Scala collections are awesome

This is just a small post to show how incredibly easy it is to use scala concurrency constructs to speed-up your work.

Doing the job

This question occured to me as a new enhancement was requested for specs2. In specs2, the processing of examples was very sequential:

  1. all the examples are executed concurrently
  2. then they are reported to the console

The concurrent execution of examples makes it generally fast enough that the reporting appears fast on the screen. However, if examples take a long time to execute, you might think that sbt is stuck with nothing whatsoever being reported back to you. You might even think that the compilation is still going on!

I changed that in specs2 and now the examples are reported as soon as they are executed.

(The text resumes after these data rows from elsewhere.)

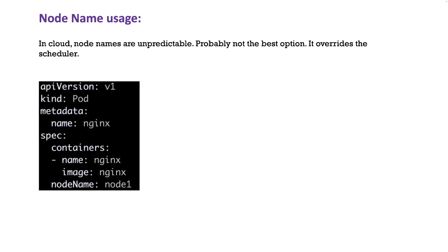Finally, you have the node name. Node name is basically a straightforward approach where you put the node name next to the node name keyword. But this is not really useful in a cloud environment where the node names are unpredictable. So this is probably going to be useful in your lab environments, but this is another way you can accomplish the same outcome.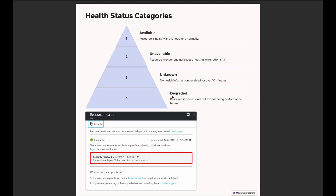We have various health status categories. First is the Available status, meaning the resource is healthy and functioning normally. Next is Unavailable, meaning we are having some issues with our Azure resource — whether it's an unplanned maintenance or an event initiated by a user like a reboot of a VM. Then we have Unknown, which comes up whenever there is no health information received for over 10 minutes.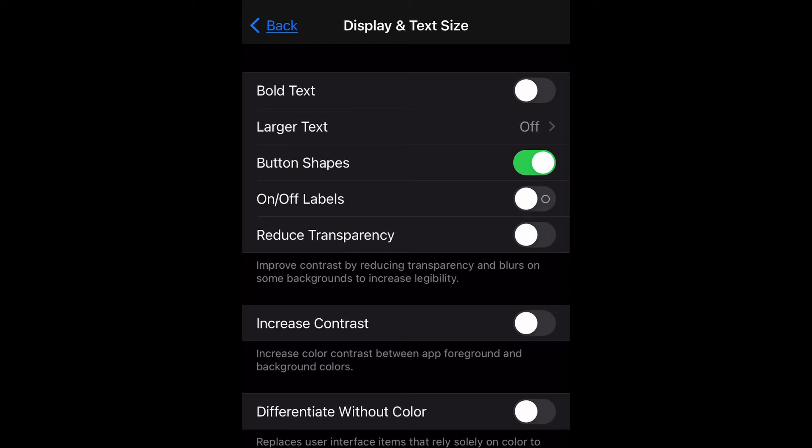So what this does is it changes the appearance of buttons so that you can differentiate them from text labels.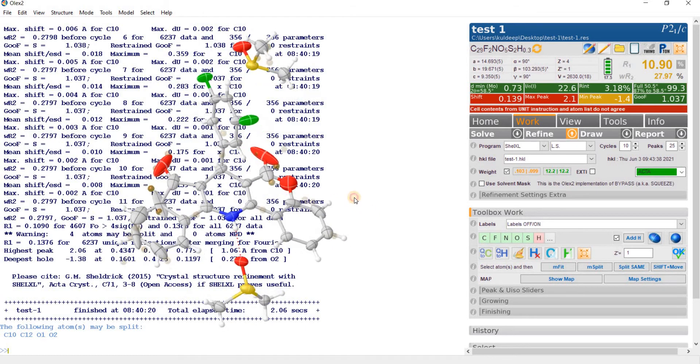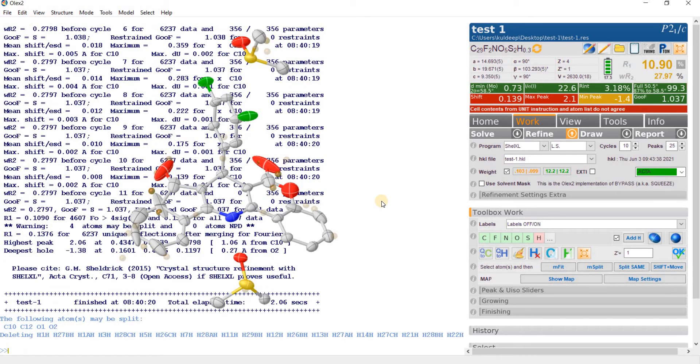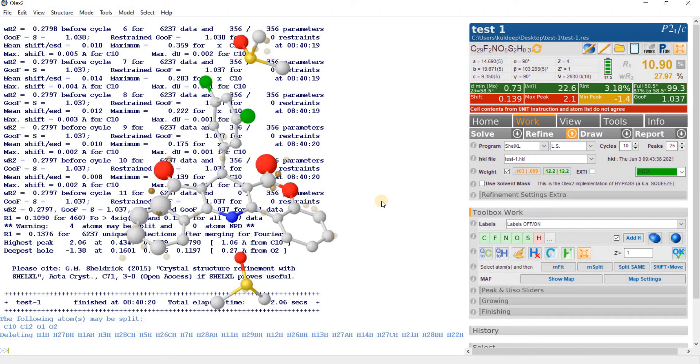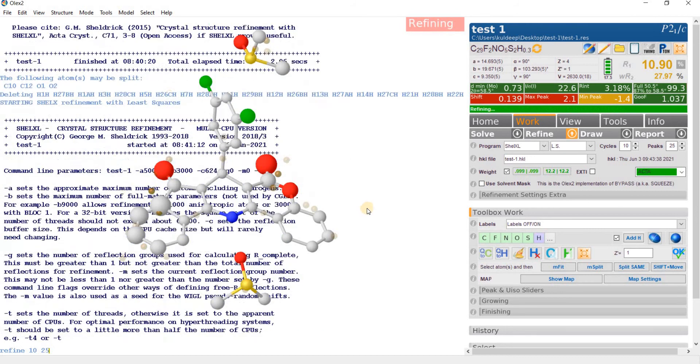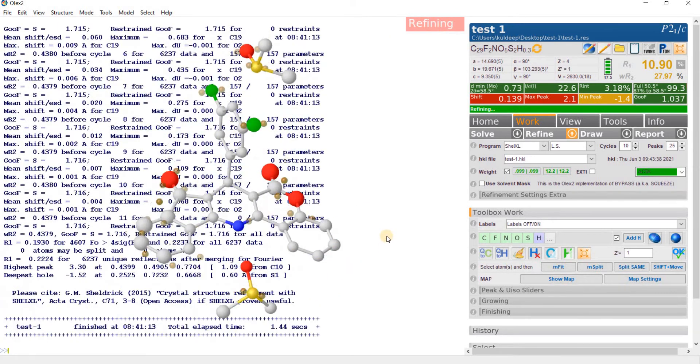How to resolve this disorder? Go back, select all the hydrogen and just delete them. Then go to the isotropic model and refine 4 cycle and 25 Q peaks. So we are again getting the isotropic model.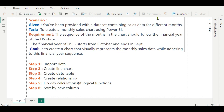The scenario given is: you have been provided with a dataset containing sales data for different months, and the task is to create a monthly sales chart using Power BI. You have a dataset containing sales and month columns. The requirement is that the sequence of months in the chart should follow the financial year of a US state. The US state financial year starts from October and ends in September, meaning the first month is October and the 12th month is September. Our goal is to create a chart that visually represents the monthly sales data while adhering to this financial year sequence.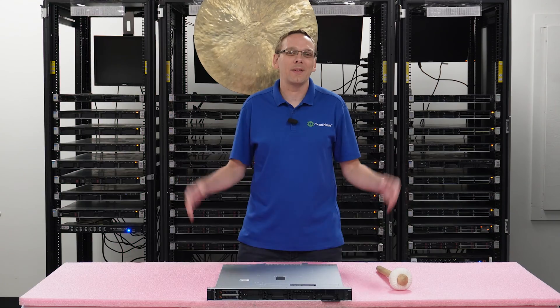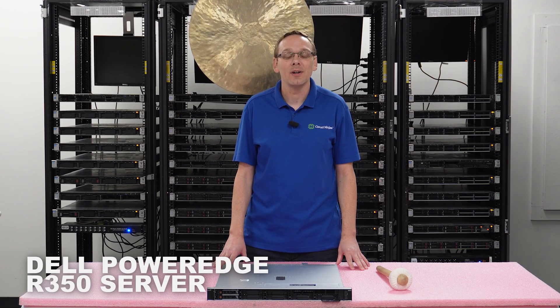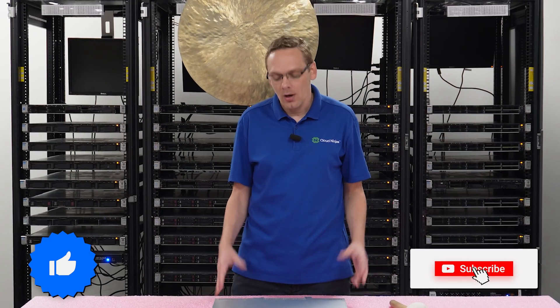Well hey, thanks for stopping by today to learn a little bit more about the Dell PowerEdge R350 server. Do us a favor, if you find anything that helps in this video, click that like and smash that subscribe. All right, well let's hop in.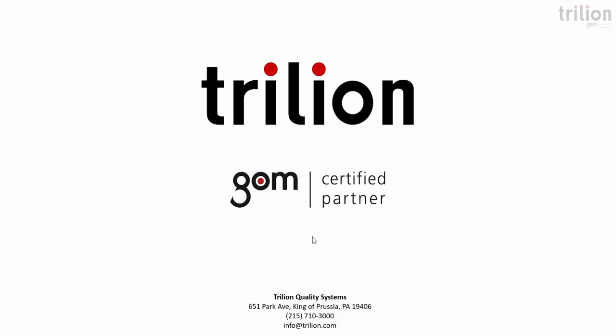Again, this is Yanni from Trillian Quality Systems. And please subscribe to our YouTube channel and also hit that little bell at the bottom to get notifications anytime that we post a new video. So until next time, thank you so much.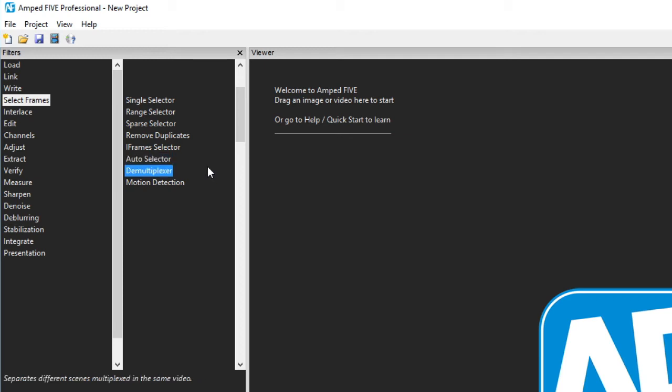The demultiplexer automatically sorts camera views from a single stream and after sorting all the views these can be written out as separate single camera files.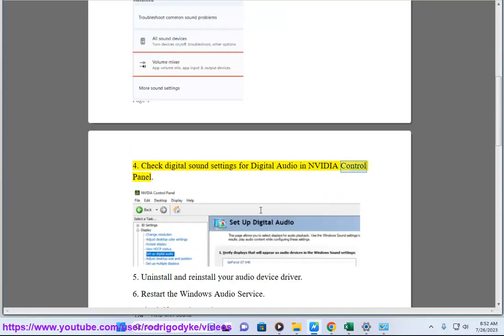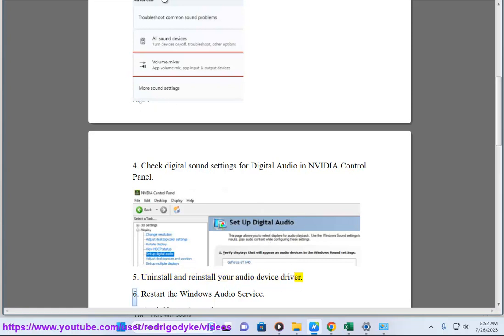Step 4: Check the settings for digital audio in the NVIDIA control panel. Step 5: Uninstall and reinstall your audio device driver.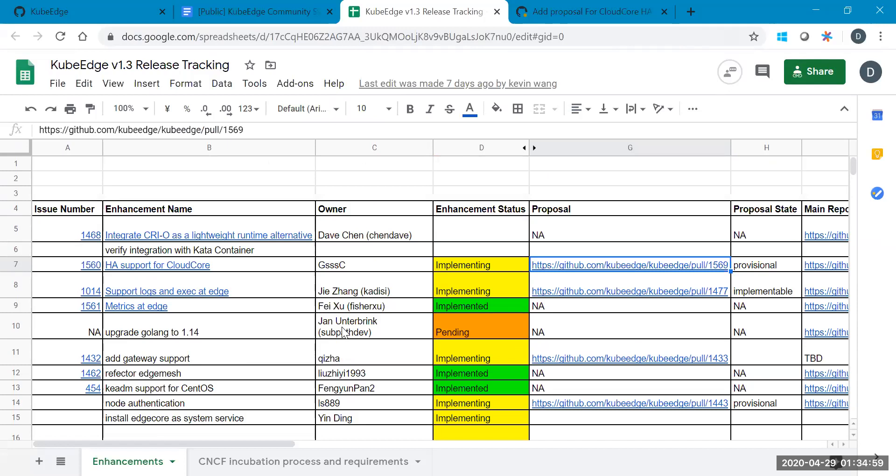We have those things defined for 1.3. And for the first one, integration CIO as a lightweight runtime alternative, which is owned by myself. And I think almost everything is done. And not just the owning CIO, but also container D and Kata container has been verified. And a couple of the patches has been merged in the upstream. And I think we can close this one later. And another one.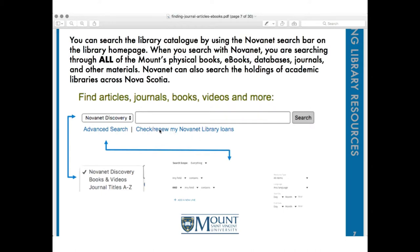Here's a look at the NovaNet search box from the library web page. You can search our whole catalog using the search bar — that means searching through all of the books, e-books, databases, journals, and materials we have here at the Mount Library, as well as things that other libraries across Nova Scotia have.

But I also thought: "this question must happen all the time, for all sorts of tasks". This is why I'm going to demonstrate how straightforward it is to speed-up your computations or your scripts with just a few annotations and imports.

Let's say I have some jobs to execute, each of them taking a random time:

  def job(i: Int) = {
    Thread.sleep(50 * random.nextInt(i))
    println("executed "+i)
    i
  } 

And I have a function to report the results:

  def report(i: Int) = println("  reported "+i) 

Naively

The naive approach for executing and reporting the jobs would be:

  def naive(n: Int) = (1 to n).map(job).foreach(report)

  scala>naive(3)
  executed 1
  executed 2
  executed 3
    reported 1
    reported 2
    reported 3

Unfortunately this is slow since all the jobs are executed in sequence, then reported.

Wrongly

If we want to make a better use of our laptop's cores, we can write:

  def parallel(n: Int) = (1 to n).par.map(job).foreach(report)

This is better, because now the jobs are executed in parallel, but not satisfying because the reporting now comes out of order:

  scala>parallel(3)
  executed 3
  executed 1
  executed 2
    reported 3
    reported 1
    reported 2

Fast and right

The trick to have best of both worlds is to use futures and seq:

  import actors._
  import Futures._

  def best(n: Int) = (1 to n).par.map(future(job)).seq.foreach(f => report(f()))

In the code above, we execute concurrently each job in a Future. Then we force the collection to be evaluated sequentially again with seq and we report each result with f(), using the Future.apply method to wait until the value is available:

  scala>best(3)
  executed 3
  executed 1
    reported 1
  executed 2
    reported 2
    reported 3

Conclusion

With a few minor modifications to the first code version we managed to do exactly what we wanted. Having this kind of power in the toolbox feels great, and I hope this post contributes a bit more to showing that Scala is also a practical language (because there's nothing wrong with being academic :-)).

Update

Before I get flamed down in the comments, here an interesting update :-).

As soon as I published this post, I started wondering if the best behavior had anything to do with parallel collections at all. It turns out that using futures only gives good results as well:

  def futures(n: Int) = (1 to n).map(future(job)).foreach(f => report(f()))

  scala>futures(3)
  executed 2
  executed 1
    reported 1
  executed 3
    reported 2
    reported 3

However, if the input collection is a view, the results are completely different:

  def futures(n: Int) = (1 to n).view.map(future(job)).foreach(f => report(f()))

  scala>futures(3)
  executed 1
    reported 1
  executed 2
    reported 2
  executed 3
    reported 3

Hence the use of par is really necessary, in this scenario, to get a fully parallel execution.